Sunday, March 28, 2010

Conducting Prudence

The instruction to be derived from Virno concerns practical reason:  drawing upon the lessons of the past to make a decision in the present situation promising the best outcome for the future well-being of the community.  Good judgment requires the virtue of phronesis, prudence.  Prudence is a virtue, meaning that it is a matter of disposition, a quality of character.  The practice of deliberative reason follows the paths of inference:  abducting from the particular conditions to the rules (an archive of maxims and proverbs representing the wisdom, the experience, of tradition and associated respected authorities).  The rules supplied the premises for deductions formulating hypothetical cases, which in turn inductively were applied to the situation.  The problem with practical reason today, Virno observes, is that there is not now, and never has been, a rule for applying the rule to a case.  The application requires a decision, and this decision represents the aporia of ethics.

The aporia is even more implacable than Virno admits, since in the sublime conditions of the industrial city the archive of maxims and proverbs recording the wisdom of collective experience lost all authority.  Moreover, the locus of causality disappeared from everyday life, to become accessible only to scientific expertise supported by technology.  Commerce filled the void, promoting through advertising the conversion of citizens to an entirely new state of mind, oriented along the axis of pleasure-pain.  Marchand cites a pronouncement made by one advertising agency in the 1920s to note the role commerce attempted to play:  "The product of advertising is public opinion; and in a democracy public opinion is the uncrowned king.

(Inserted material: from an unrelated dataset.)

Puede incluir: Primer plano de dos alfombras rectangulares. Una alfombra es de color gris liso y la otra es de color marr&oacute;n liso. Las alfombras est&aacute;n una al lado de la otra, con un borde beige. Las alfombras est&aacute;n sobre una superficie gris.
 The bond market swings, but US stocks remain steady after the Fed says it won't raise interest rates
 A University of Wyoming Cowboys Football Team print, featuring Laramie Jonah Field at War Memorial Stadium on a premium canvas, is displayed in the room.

It is the advertising agency's business to write the speeches from the throne of that king; to help his subjects decide what they should eat and wear; how they should invest their savings; by what courses they can improve their minds; and even what laws they should make, and by what faith they may be saved" (Marchand, 31).

Virno's proposal assumes that we are now living in conditions of a permanent "state of exception," in which the rules guiding judgment may be open to revision, to innovation, to testing against experience.  His suggestion to replace valid reasoning with the deliberate use of fallacies, in order to expose the enthymemes, the assumptions and values determining the ineffective deductions guiding decision-making, acknowledges the unconscious as a site of ethical decision unsuspected in premodern philosophy.  Ethics we now understand is beyond the reach of both reason and will.  Fallacies and joke-work are transitional forms manifesting the fourth mode of inference emergent within electracy:  conduction.